# WHAT TO WORK ON:
If a picture appears in the records, skip it; copy everything else exactly.
- - - - -
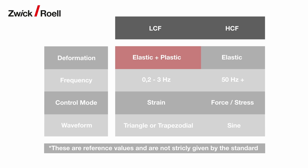Due to plastic deformation, LCF tests are commonly performed at low frequencies. In addition, LCF tests are strain controlled, whereas HCF tests are typically force or stress controlled.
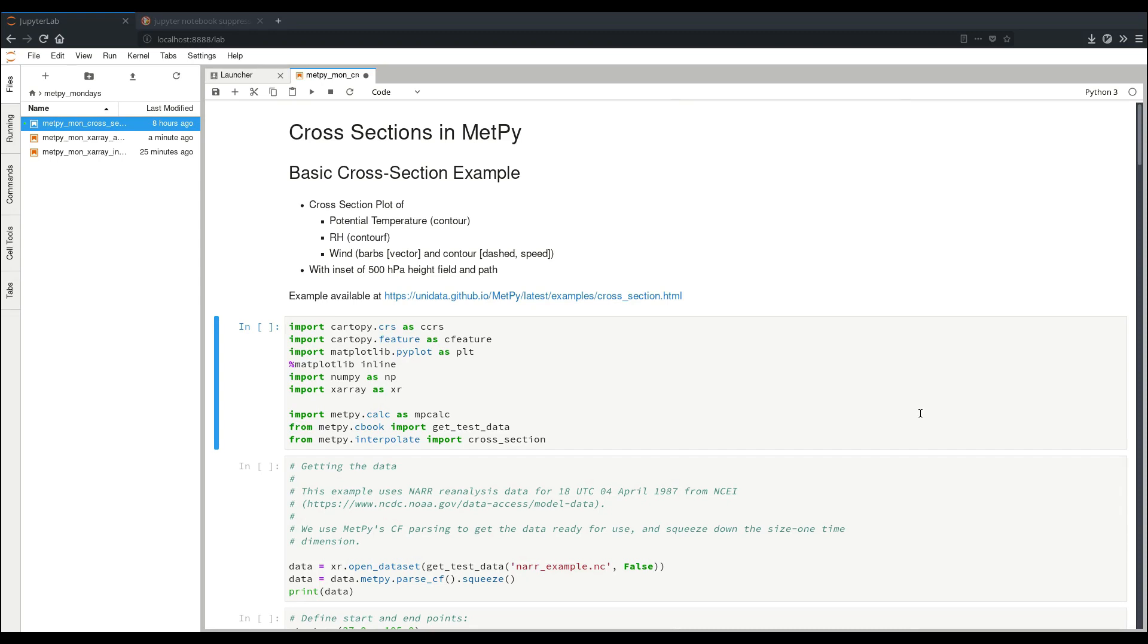On this week's MetPy Monday, I'll be showing you the basics of taking vertical cross-sections and performing calculations with them in MetPy using x-ray data arrays.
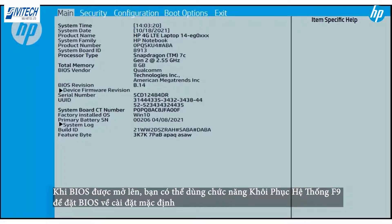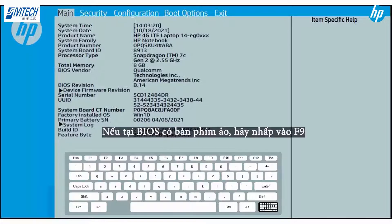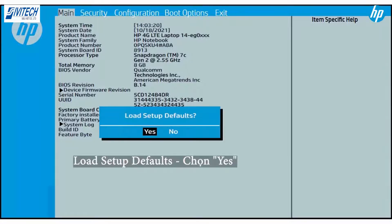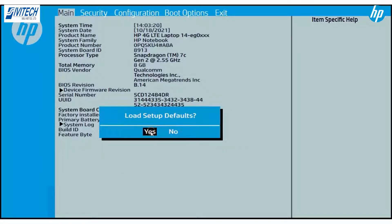When the BIOS Setup Utility launches, you can navigate to the F9 System Recovery function to reset the BIOS to the default settings. If the BIOS has an on-screen keyboard, click the F9 key to automatically select the BIOS default settings. The Load Setup Defaults dialog box now displays. Select Yes to confirm that you want to reset to the BIOS Setup default settings.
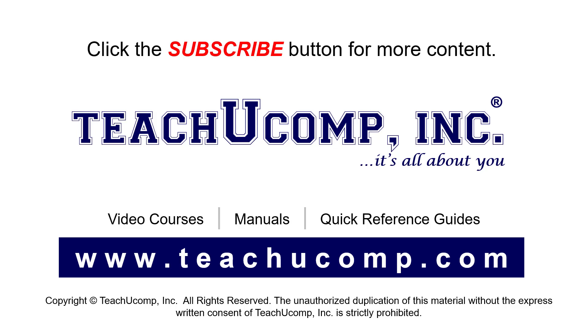If you like our video, click the button to subscribe to our channel and get easy access to new content. To see our full suite of ad-free video courses, instruction manuals, and quick reference guides, visit us at www.teachyucomp.com.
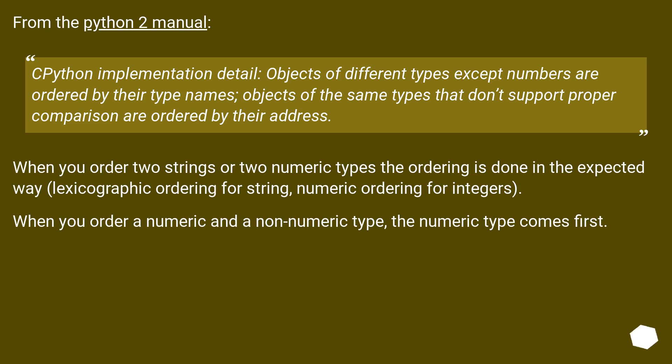When you order two strings or two numeric types, the ordering is done in the expected way. Lexicographic ordering for strings, numeric ordering for integers. When you order a numeric and a non-numeric type, the numeric type comes first.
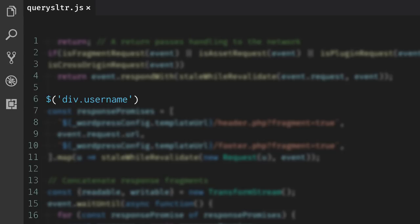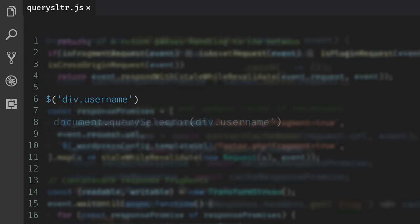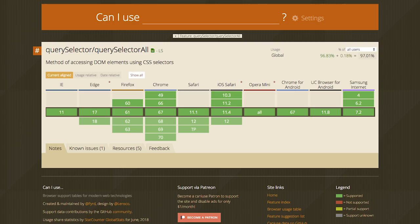This functionality proved to be so useful that browsers brought it to the platform under the name of QuerySelector and QuerySelectorAll. You can use QuerySelector in all browsers, including Internet Explorer 8.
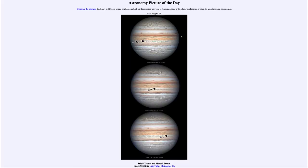Greetings and welcome to the introduction to astronomy. One of the things I like to do in each of my introductory astronomy classes is to begin with the astronomy picture of the day from the NASA website, apod.nasa.gov/apod. Today's picture, for August 21st of 2021, is titled Triple Transit and Mutual Events.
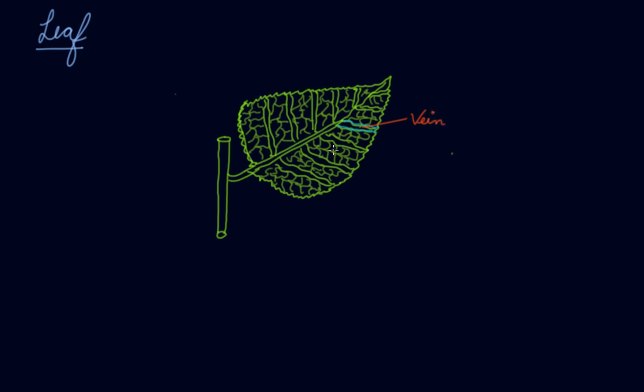These little blocks that we have made are known as lamina. And this main. And this main is known as your mid rib because it is supporting the whole leaf.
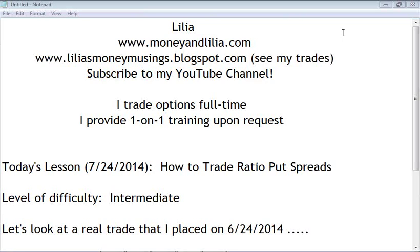Hello, my name is Lillia and I trade options full-time. I provide one-on-one training upon request — my website is moneyandlillia.com where you can see all of my options trades at my blog. If you like this lesson, please subscribe to my YouTube channel and tell all your friends about my free lessons. Today's lesson is an intermediate level, so if you're new to options trading I encourage you to take a look at some of my beginning lessons.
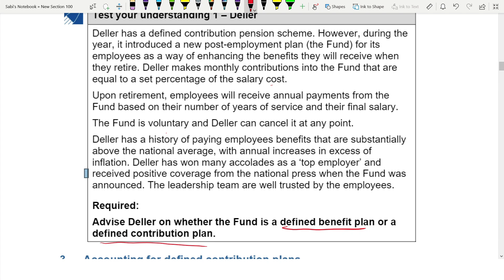The keyword to look for is 'obligation' — whether you are paying a fixed contribution or have an obligation to pay beyond that. Sometimes it's not clear-cut; you need to read more information and see which direction it points. Let's look at the case study. In the first paragraph, Delo makes monthly contributions equal to a set percentage of salary cost — this looks like a contribution plan, but don't jump to conclusions.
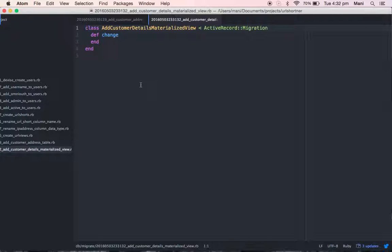So what does a materialized view do to solve this problem? It creates a cached copy of the data on your disk. Once you execute the materialized view query, whenever you are updating or inserting data into the tables, it will automatically create a cached copy on disk. Rails will then go to the disk and retrieve the data from there, so it will not query the database directly.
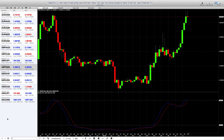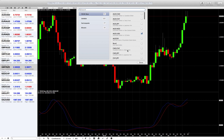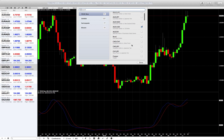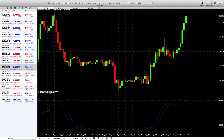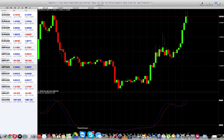When you first pull it up, to add pairs just click on the little plus sign, which brings you to all the different possibilities. Click the ones you want, hit done, and they'll appear in the menu. To add the stochastic oscillator to a chart, go down to the indicator section.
- - - - -
# ANSWER TO THIS EXERCISE:
Due to plastic deformation, LCF tests are commonly performed at low frequencies. In addition, LCF tests are strain controlled, whereas HCF tests are typically force or stress controlled.
On this week's MetPy Monday, I'll be showing you the basics of taking vertical cross-sections and performing calculations with them in MetPy using x-ray data arrays.
When the BIOS Setup Utility launches, you can navigate to the F9 System Recovery function to reset the BIOS to the default settings. If the BIOS has an on-screen keyboard, click the F9 key to automatically select the BIOS default settings. The Load Setup Defaults dialog box now displays. Select Yes to confirm that you want to reset to the BIOS Setup default settings.
If you like our video, click the button to subscribe to our channel and get easy access to new content. To see our full suite of ad-free video courses, instruction manuals, and quick reference guides, visit us at www.teachyucomp.com.
When you order two strings or two numeric types, the ordering is done in the expected way. Lexicographic ordering for strings, numeric ordering for integers. When you order a numeric and a non-numeric type, the numeric type comes first.
This functionality proved to be so useful that browsers brought it to the platform under the name of QuerySelector and QuerySelectorAll. You can use QuerySelector in all browsers, including Internet Explorer 8.
Greetings and welcome to the introduction to astronomy. One of the things I like to do in each of my introductory astronomy classes is to begin with the astronomy picture of the day from the NASA website, apod.nasa.gov/apod. Today's picture, for August 21st of 2021, is titled Triple Transit and Mutual Events.
These little blocks that we have made are known as lamina. And this main. And this main is known as your mid rib because it is supporting the whole leaf.
Hello, my name is Lillia and I trade options full-time. I provide one-on-one training upon request — my website is moneyandlillia.com where you can see all of my options trades at my blog. If you like this lesson, please subscribe to my YouTube channel and tell all your friends about my free lessons. Today's lesson is an intermediate level, so if you're new to options trading I encourage you to take a look at some of my beginning lessons.
The keyword to look for is 'obligation' — whether you are paying a fixed contribution or have an obligation to pay beyond that. Sometimes it's not clear-cut; you need to read more information and see which direction it points. Let's look at the case study. In the first paragraph, Delo makes monthly contributions equal to a set percentage of salary cost — this looks like a contribution plan, but don't jump to conclusions.
So what does a materialized view do to solve this problem? It creates a cached copy of the data on your disk. Once you execute the materialized view query, whenever you are updating or inserting data into the tables, it will automatically create a cached copy on disk. Rails will then go to the disk and retrieve the data from there, so it will not query the database directly.
When you first pull it up, to add pairs just click on the little plus sign, which brings you to all the different possibilities. Click the ones you want, hit done, and they'll appear in the menu. To add the stochastic oscillator to a chart, go down to the indicator section.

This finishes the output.